Ama y yo nos mudamos a Bilbao cuando yo tenía cinco años, edad en la que la imagen de mi padre queda congelada en mi memoria, como un Peter Pan barbudo. No recuerdo cuándo desapareció él; solo sé que un día, de repente, estábamos solo ama y yo en aquel piso que no tenía apenas muebles. Me explicó que aita estaba trabajando muy lejos, cómo de lejos, tan lejos que seguramente nunca pueda volver. Yo le pregunté si estaba triste y ya entonces, pese a mi corta edad, supe que no me estaba diciendo la verdad, o no toda la verdad, cuando respondió que sí. Según ama, todas las fotografías de aita se nos habían traspapelado en la mudanza, lo que siempre me pareció sospechoso.
Creo que voy a darle una hija a Telmo. Que se joda. No se puede tener todo en esta vida, ni siquiera en la ficticia. Por si fuera poca suerte tener un padre tan decente como para dar su inconfundible apellido al hijo bastardo que tuvo con una campesina, ahora encima voy a dar a ese bastardo un hijo varón que lo ayude a labrar los campos. Ya tendrá tiempo Telmo de tener hijos varones. Su mujer todavía es joven, y no se le va a pasar el arroz mientras yo no lo quiera. Tiene que tener por lo menos un niño, claro, porque si no yo y mi apellido no estaríamos aquí, escribiendo esto, pero primero… que sufra un poco.

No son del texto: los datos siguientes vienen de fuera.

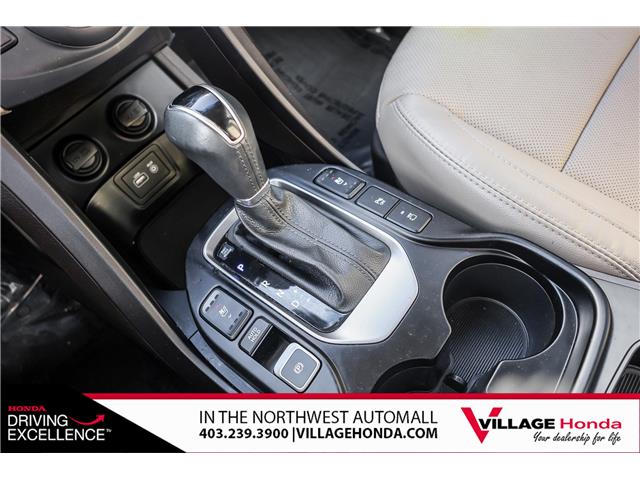 2017 Hyundai Santa Fe Sport 2.0T Ultimate (Stk: TVW8996A) in Calgary - Image 20 of 31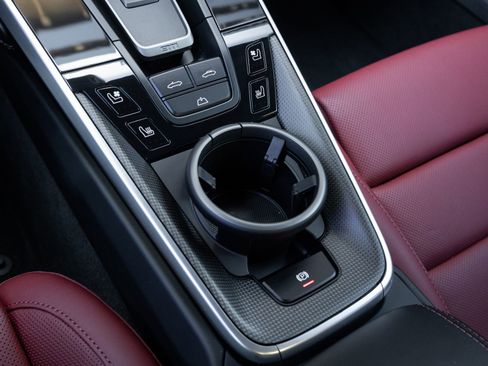 Certified 2025 Porsche 911 Turbo S image 32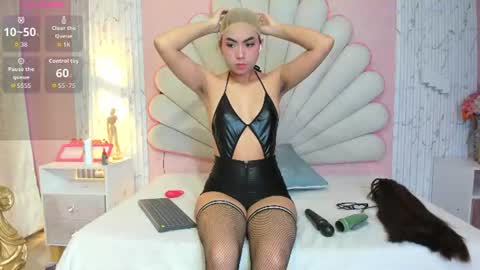 MiraRossi online show from 07/15/26, 08:03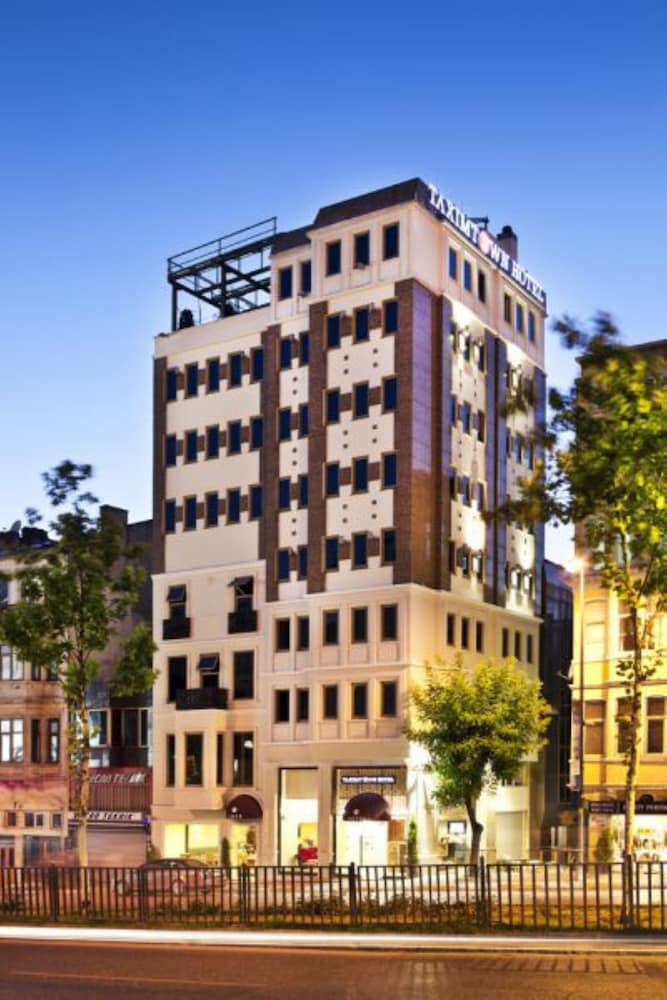 Taximtown Hotel 1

Por muy antepasado mío que sea, me parece completamente injusto que a él le haya tocado un padre general y a mí, un exetarra.
SINOPSIS
En mi familia siempre hemos sabido que estábamos emparentados con el general Tomás de Zumalacárregui, militar guipuzcoano de la primera guerra carlista. Sin embargo, puesto que no tuvo descendientes varones, y entre sus hermanos no hemos encontrado todavía a nuestro ascendiente directo, nuestra conexión con el general es un misterio.
Una de las posibilidades pasa por que descendamos de un hijo ilegítimo al que el general habría terminado reconociendo y que habría vivido en el barrio vizcaíno de Las Carreras, donde casualmente creció el abuelo de mi padre. La teoría de un ascendiente bastardo siempre ha despertado en mí sugerencias que en los últimos tiempos piden cobrar forma literaria.

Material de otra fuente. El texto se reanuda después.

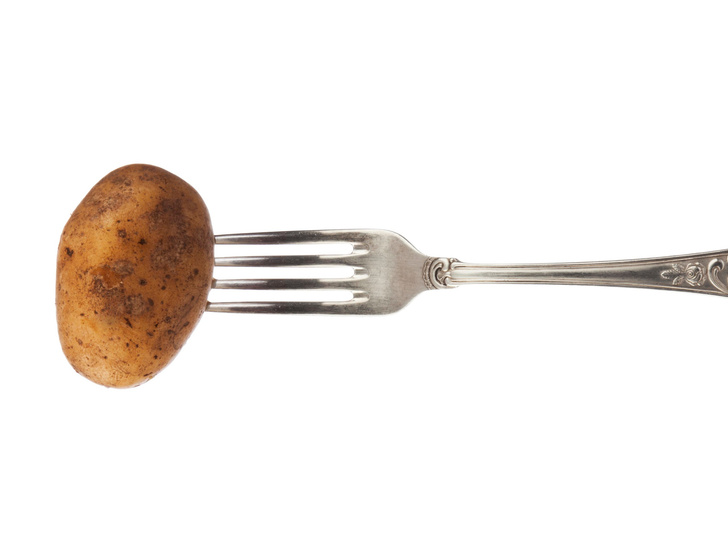 4 простых лайфхака, которые сделают чистку картофеля быстрой и легкой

La novela, el relato del proceso de investigación y escritura de una novela llamada igualmente Mi ascendiente bastardo, estará compuesto en primera persona por la autora, un yo autoconsciente que será mi yo real y, simultáneamente, un personaje inventado, transgrediendo el pacto de la ficción al combinar dos tipos de narraciones antitéticas: la exposición autobiográfica, en la que el autor es también narrador y personaje principal, y el relato imaginativo de la ficción. Este relato estará salpicado de los fragmentos en tercera persona del libro dentro del libro.

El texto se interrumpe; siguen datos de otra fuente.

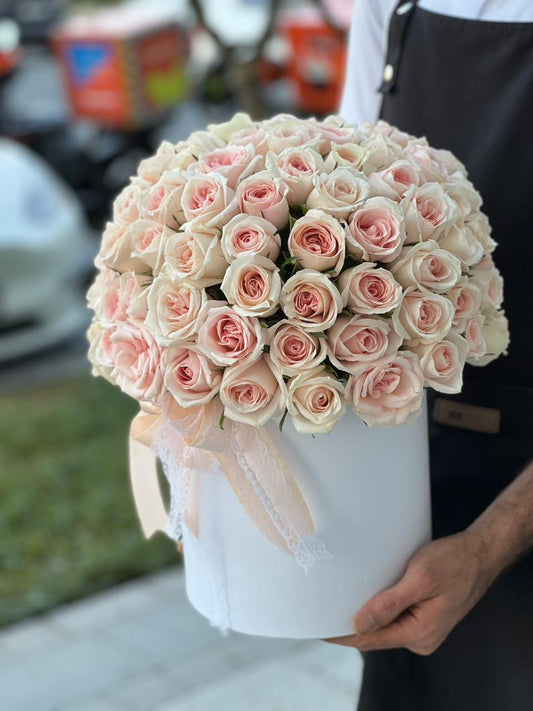 101 Peach Roses With White Box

La posibilidad de que los resultados de la investigación nos alejen de la hipótesis del bastardo planteará varias preguntas. ¿Es lícito moldear la historia para crear literatura? ¿Y la historia propia? ¿Qué debe hacer un escritor con los datos verídicos que no se ajusten a su universo de ficción?
Con este libro me propongo explorar temas como la identidad, las relaciones familiares y los límites difusos de la ficción. Como defendió Marcel Proust, el único libro verdadero existe en nuestro interior y el escritor no tiene que inventarlo, sino traducirlo. Yo traduciré la genealogía de mi familia al lenguaje de la ficción.